**Task objective:**
Only these lines of the data below are wanted: the one with "Slotted basin waste", the one with "2-Pack Air Tracker", and any lines between them, each repeated exactly.

**The records:**
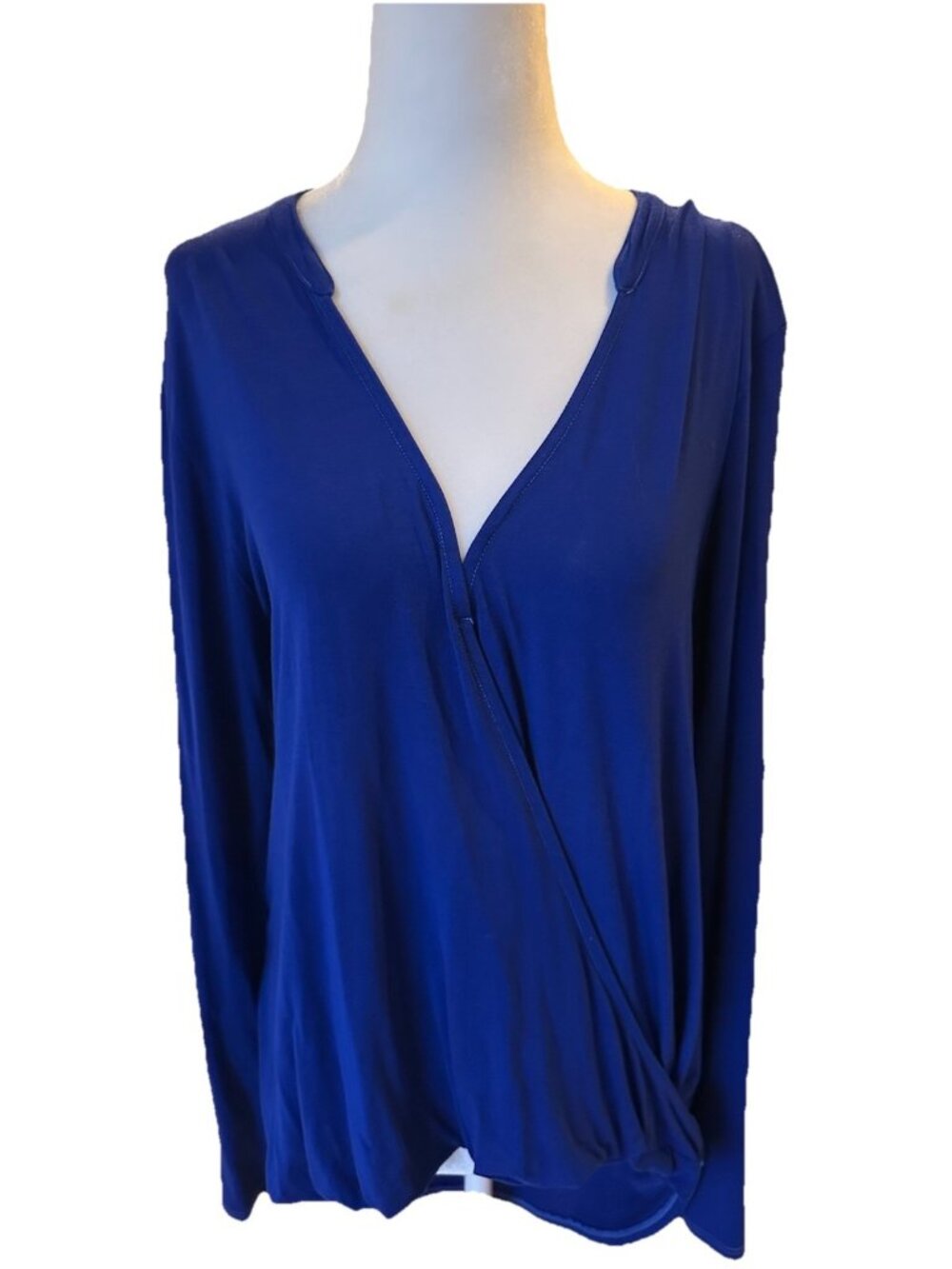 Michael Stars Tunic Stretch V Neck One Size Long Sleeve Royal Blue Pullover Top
* * *
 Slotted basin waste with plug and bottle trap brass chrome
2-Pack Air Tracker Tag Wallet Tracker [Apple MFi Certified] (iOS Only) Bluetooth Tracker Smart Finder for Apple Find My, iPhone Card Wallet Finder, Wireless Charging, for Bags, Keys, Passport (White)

**Written reply:**
 Slotted basin waste with plug and bottle trap brass chrome
2-Pack Air Tracker Tag Wallet Tracker [Apple MFi Certified] (iOS Only) Bluetooth Tracker Smart Finder for Apple Find My, iPhone Card Wallet Finder, Wireless Charging, for Bags, Keys, Passport (White)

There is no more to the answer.